I "VALORI" DI UN PADRE... ASSIOMI DI UN FIGLIO
("Babbo" di Nazario Pardini)
È una lirica nostalgica, ravvivata da
memorie e timori che il Poeta distilla, verso dopo verso, a immergersi in un'atmosfera
non solo virtuale e immaginifica, ma altresì concretamente vissuta.
Il padre (il "babbo") si trasforma
in un cumulo di "visioni" marmoree che racchiudono corpo, volto,
spirito, spazi e tempi, gesti, odori, episodi (il "morellino"
fuggiasco...), giochi (...ci gettavi fino al cielo...).
"Visioni" ambivalenti di una
presenza incerta per l'incontrovertibilità del "tempo" che alletta,
consolida, distrugge senza offrire sicurezze nel "prima" e "dopo"
esistenziale.
Come reagire?
Il Poeta si appella alla speranza per
esorcizzare anche la morte che "destìna" la vita del padre, ne
scandisce i momenti (in mezzo ai campi... tra le vigne... nell'età della
stanchezza...) riflettendosi nei ricordi del figlio, ora sempre più vacui e
oscuri dove si insinua la paura dell'azzeramento totale.
Il Poeta si aggrappa ormai,
progressivamente, alla visita cimiteriale su una tomba priva, denudata, ridotta
ad un aggrumo di macerie dove l'immagine di un sogno perde la sua qualità più
completa e ontologicamente si ricerca nello spirito, nel soffio vitale, nell'avvìo
della luce contro la disperazione del nulla eterno.
Si diceva della liricità nostalgica di
Pardini: questi versi tormentati e tormentosi esprimono infatti il dolore di
gioie perdute e, di una "guida" assoluta, nel lavoro paterno, nella
tranquilla serenità di uno scenario campestre sincero, tetragono, vigile,
previdente. Sintomatico è il "frascare" nella vigna..., sintomatica
la fuga del cavallo che il babbo rincorre senza tregua sfidando ogni rigore
stagionale... spiragli di "apparenze" immaginifiche che elevano la
figura e il ruolo paterno sino al cielo...
Ma il terrore dell'oblio persiste
costantemente in questo cristallo poetico di Nazario e ne connota schema
costruttivo e scenari interiorizzati che tenderebbero a liberarsi dalla morsa
marmorea di un sigillo senza futuro con l'aiuto prezioso, come già detto, della
speranza nel sogno di un tempo mai perduto.
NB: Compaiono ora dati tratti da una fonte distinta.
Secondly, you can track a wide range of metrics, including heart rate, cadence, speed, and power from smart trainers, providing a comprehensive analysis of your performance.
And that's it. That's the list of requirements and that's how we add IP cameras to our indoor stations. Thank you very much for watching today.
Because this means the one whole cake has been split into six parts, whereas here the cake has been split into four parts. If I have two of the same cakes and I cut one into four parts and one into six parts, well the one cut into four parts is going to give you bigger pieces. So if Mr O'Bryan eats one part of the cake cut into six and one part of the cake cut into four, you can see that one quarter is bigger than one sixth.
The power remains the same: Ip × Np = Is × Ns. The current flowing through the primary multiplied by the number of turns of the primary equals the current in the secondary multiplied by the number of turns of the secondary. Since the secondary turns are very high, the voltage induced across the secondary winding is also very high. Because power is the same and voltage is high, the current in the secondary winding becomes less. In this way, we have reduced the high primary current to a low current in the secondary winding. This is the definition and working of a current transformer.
Peraltro la speranza non è sufficiente
all' insinuo psicologico di Pardini; la perdita del padre è una tragedia di
tale dimensionalità da minacciare l'utilità del "valore" che la figura
paterna stessa rappresenta per il figlio, la famiglia, il territorio, la
"Natura" tutta gravitante a contorno.
L'esistenza stessa rischia l'annullamento
nel dubbio tra "reale" e "virtuale", nella nebbiosità del
pensiero che il "cimitero" non conforta come dovrebbe ed anzi
confonde facilmente con il passare degli anni fino all' impossibilità di continuare
il percorso (non abbiamo più tempo... tutto è finito... si avvicina la fine...).
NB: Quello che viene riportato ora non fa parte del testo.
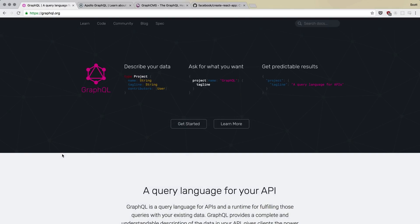So before we get started here, I want to give a little bit of an introduction to what we're exactly going to be doing in this series and a little bit of an introduction to GraphQL and Apollo, maybe clearing up some of the distinctions between those two. So what we're going to be doing in this series is we're going to be building a blog from scratch using a GraphQL API.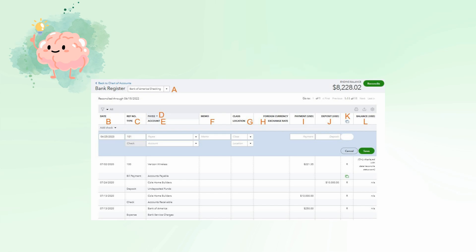Class or location: assign the transaction to your user-defined classes and location. If these fields do not appear and you want to track activity by class or location, you need to activate track classes and/or locations as shown in my guide on how to set up advanced settings in QuickBooks Online. Foreign currency exchange rate: for foreign currency transactions, you can set your own currency exchange rate or let QuickBooks Online apply exchange rates automatically.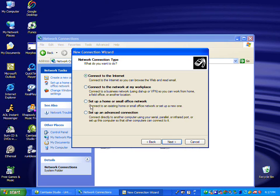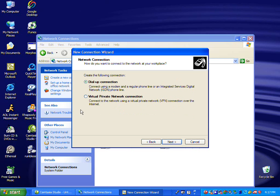Next, Connect to the Network at My Workplace. Next, Click on Virtual Private Network Connection.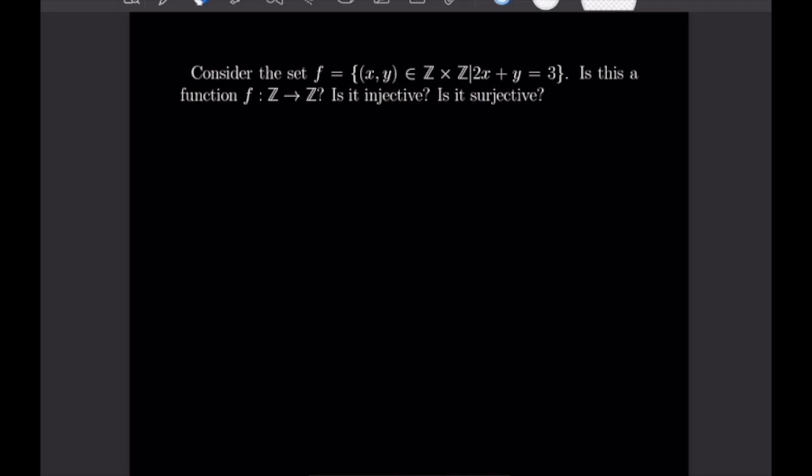What's going on, guys? Justin here, and welcome back to our 18th example video following our course on proof writing. Today's example video is going to be on functions, so let's go ahead and get into our first example.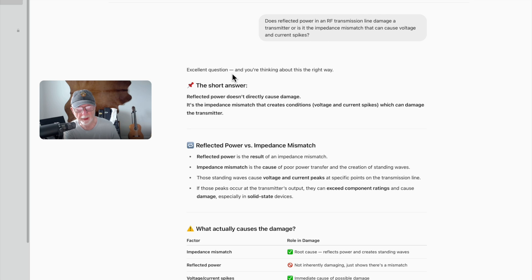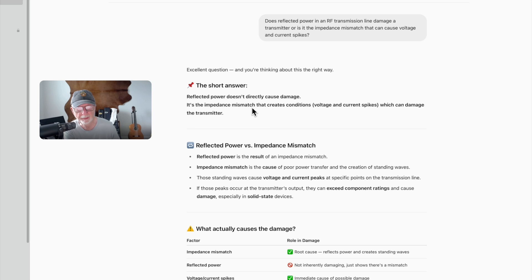Excellent question. And you're thinking about this the right way. The short answer: reflected power does not directly cause damage. It's the impedance mismatch that creates conditions — voltage and current spikes — which can damage the transmitter.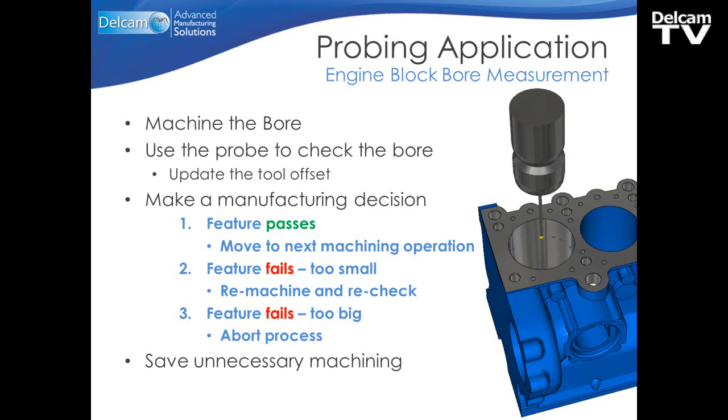If the feature passes, we can then move on to the next machining operation. If the feature fails and is too small, we can remachine and recheck the bore, and continue this process until the feature passes. If the feature fails and is too big, we can abort the process and go to the end of the program. This then saves any unnecessary machining.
L'amarezza sembra prevalere in un
momento lirico di triste riflessione sui "valori" affranti di una "presenza"
incommensurabile che il Poeta non intende peraltro abbandonare ricollegandosi
generazionalmente ad un eccezionale richiamo oltre ogni limite (... le memorie
di te... con me...).
E il paradosso di una
"risalita" imprevista prende concretezza: il "non scritto"
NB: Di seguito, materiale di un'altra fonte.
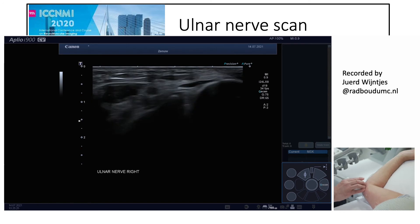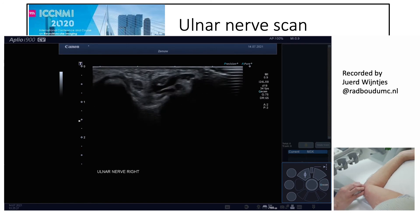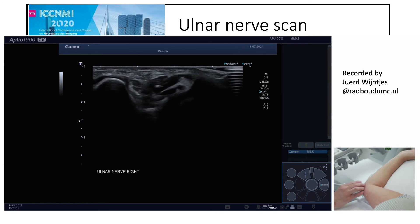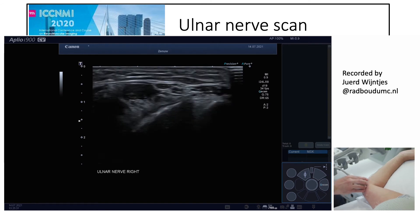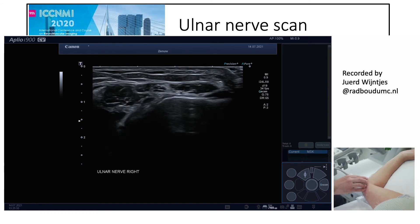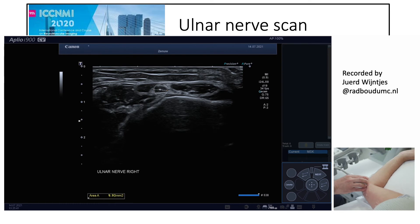We move distally around the medial epicondyle — here again is the triceps muscle, these are the two heads of the flexor carpi ulnaris, and this is the proximal part of the cubital tunnel. We take the measurement here as well.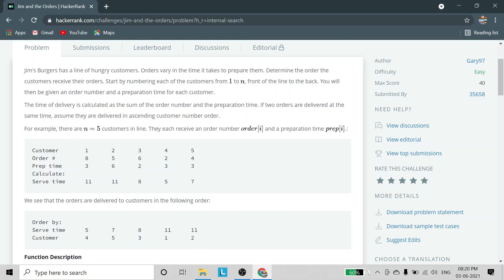Here is an example. There are 5 customers, each receiving an order number and a preparation time. The 5 customers are numbered 1, 2, 3, 4, 5, and their order numbers are 8, 5, 6, 2, and 4 respectively. The first customer has order number 8, the second has 5, the third has 6, the fourth has 2, and the fifth has 4. The respective preparation times are: 3, 6, 2, 3, and 3 minutes. The serve time is the addition of these two values — so 8 plus 3 equals 11.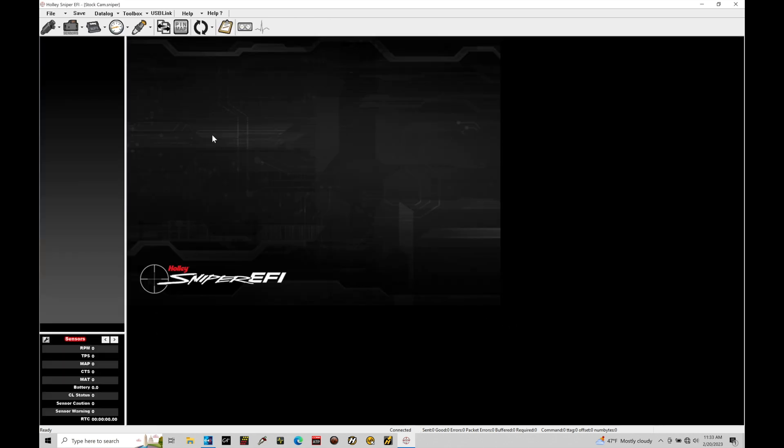Now the file has been opened in the software. We can see our ICFs here at the top being loaded. These hold all of the information that are going to tell the Sniper how we want to control our engine. Note here at the top, we have stock cam dot sniper. That's going to give us the file name.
tra i versi è percepibile sempre più nell'ascesa lirica dei "valori"
che contribuiscono alla "presenza" dominate del genitore.
Campi, terra e vigne, camino (di una
casa vicina) agevolano la prova dell'inversione psicologico-lirica del Poeta:
la memoria diventa attiva per unire e non dissipare; il lavoro perpetua la
volontà di costruire e non distruggere; il "ruolo" paterno si
riconferma al di là dei brandelli di un marmo "sfocato"; la speranza
non è più utopistica ma realizzabile nello "Spirito" della gioia
prescindendo dalla tirannia del tempo e del destino; la lirica di Pardini perde
la mestizia diffusa per ribaltare dettagli, scenari, stati d'animo, volontà
celesti e terrene.
L'Essere Superiore diventa onnipresente
a sublimare ogni intensità emozionale tradotta in "verso": rinasce un
Poeta elevatosi "ottimista" nella "conversione interiore"
di un'intera discendenza.
Sui "versi" pardiniani è inutile ogni ulteriore analisi: si commentano da soli, in quella "presenza" filiale che onora assiomaticamente altre "presenze" originate dalla Terra al Cielo.